Witam was wszystkich (Ania WMJ)

: ndz, 30 sie 2009, 0:55
autor: Ania WMJ
Bardzo ale to bardzo się cieszę, że do was dołączyłam. Ja jestem fanką MJ od 1984 roku, w którym to rozpoczął się duży przełom w moim życiu. Byłam wtedy szaloną nastolatką i materiałów o Mickey'u było bardzo niewiele. Płyty winylowe przywoziło się z zachodu ( jak ktoś miał możliwość oczywiście). No i ja ciągle liczyłam na to że puszczą Michaela w "Trójce", w "Videotece" lub w "Jarmarku". To były czasy kiedy z trudem zdobywało się Jego plakaty. Ale był tak mi bliski sercu, że aż paliło, ale to było piękne. Zebrało mi się na wspomnienia. A ile znosiłam prześladowań od rodziny i nie tylko za moje "szaleństwo". Wierzcie mi a byłam naprawdę szalona na Jego punkcie. Nie było fan clubów i ogólnie nie było z kim pogadać. Bardzo się cieszę że moge z wami być, no i z powodu urodzin MJ składam wam najgorętsze życzenia i pozdrowienia. Niedługo powrócę do moich wspomnień. Odezwijcie się pa pa
AniaWMJ

: ndz, 30 sie 2009, 2:27
autor: raspberry140
Witamy na forum :)
:mj:

: ndz, 30 sie 2009, 5:15
autor: Truth
Witaj! :)

: ndz, 30 sie 2009, 10:21
autor: wiśnia1994
witaj na forum! ;-)
Wspaniały staż fanowania.. Zazdroszczę! :mj:

: ndz, 30 sie 2009, 10:27
autor: wiśnia1994
witaj na forum! ;-)
Wspaniały staż fanowania.. Zazdroszczę! :mj:

: ndz, 30 sie 2009, 13:57
autor: Ania WMJ
Dzięki za powitanie, jest mi niezmiernie miło. Żałuje teraz jednej rzeczy, której nie zrobiłam, kiedy Mickey był jeszcze z nami, otóż straciłam bardzo głupio okazję zobaczenia go na Bemowie, choć mój wówczas chłopak chciał mi kupić bilety na koncert, a mi się jakoś nie chciało, no i teraz naprawdę zobaczyłam kogo i ile tak naprawdę straciłam.

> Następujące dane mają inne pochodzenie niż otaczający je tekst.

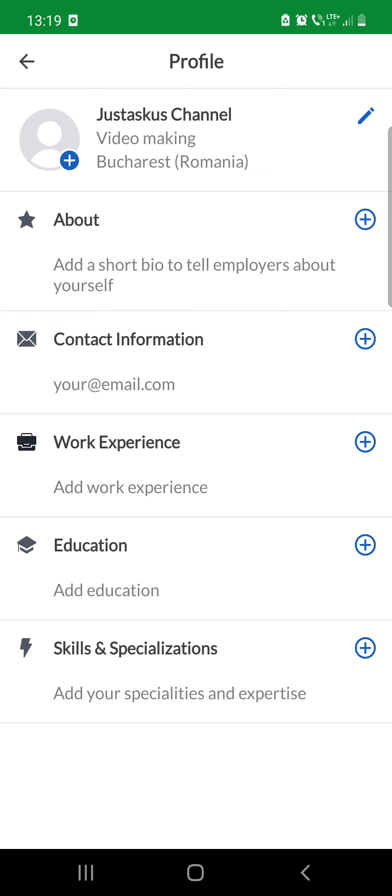This is how you can edit and complete your profile on Glassdoor. I hope this video was helpful for you. If it was, please consider subscribing, and see you in the next one — bye bye!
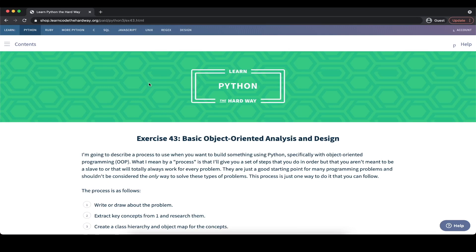Hey guys, welcome back. In this part of Learn Python the Hard Way, we are going to learn more about basic object-oriented analysis and design. Specifically, we are going to learn how to start out defining a program and then defining it based on the different objects, the different classes, and how we would really design and lay out our program.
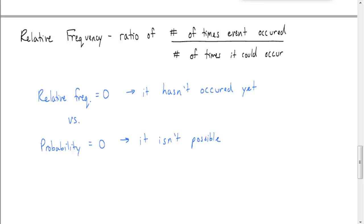That is our introduction to probabilities. Hopefully you now have a better understanding of some of this terminology. Good luck as you work on your assignment.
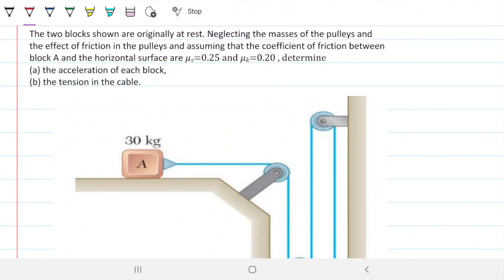The two blocks shown are originally at rest. Neglecting the masses of the pulleys and the effect of friction in the pulleys, and assuming that the coefficient of friction between block A and the horizontal surface are mu_s = 0.25 and mu_k = 0.20, determine the acceleration of each block and the tension in the cable.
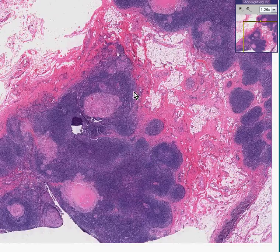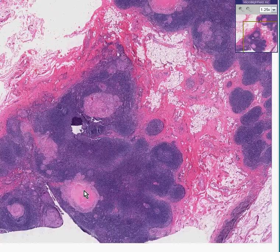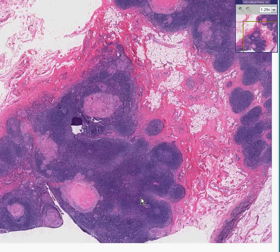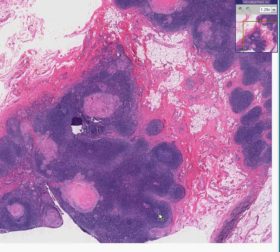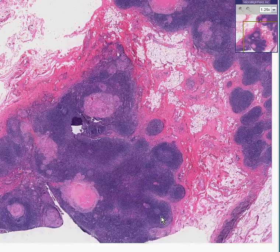In addition, you could see something else in this lymph node which doesn't look right — perhaps here and here and here and here. Whereas in a normal secondary follicle, you have a lighter germinal center surrounded by darker lymphocytes.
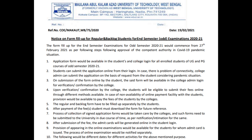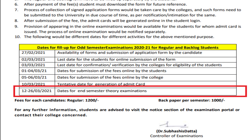After submission of fees, the admit cards will be generated online in the students' login. The provision for appearing in the online examination will be available to students whose admit cards have been issued. The process of the online examination will be notified separately. The following dates are absolutely important.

Sorki, strasznie mi się smutno zrobiło, gdyby można było cofnąć czas.... :beksa: glupija Och, tyle bym zrobiła żeby go odzyskać.

: ndz, 30 sie 2009, 17:40
autor: Jeanny100
Witamy na forum. ;-)

: ndz, 30 sie 2009, 18:56
autor: Susie.
Witamy serdecznie ;-)

Też chciałabym teraz cofnąć czas,
ale żeby zacząć interesować się Michaelem wcześniej...

: ndz, 30 sie 2009, 19:28
autor: Basia1992
Witam Cię serdecznie ;-)

: ndz, 30 sie 2009, 20:49
autor: Ania WMJ
Bardzo chciałabym poznać kogoś kto Go widział, móc pogadać o Nim, jaki był Michael, jakie wywarł na tej osobie wrażenie. Może znacie kogoś takiego? Paul Mc Cartney po współpracy z Michaelem kiedyś powiedział, że to ogromnie utalentowany chłopiec o bardzo wrażliwej (delikatnej) duszy.

: pn, 31 sie 2009, 10:04
autor: asiek
witaj :)

mój staż jest też dość długi - zaraz po wydaniu BAD. Pamiętam to wszystko o czym piszesz - polowanie w Trójce (Niedźwiedzki i Skolarska), czatowanie na plakaty, plakietki. Należałam do fanclubu - tak był jeden - w Gdańsku (czy Gdyni?). Raz nawet jechałam przez całą Polskę (z mamą, bo małolata byłam) na zlot fanów w Gdyni.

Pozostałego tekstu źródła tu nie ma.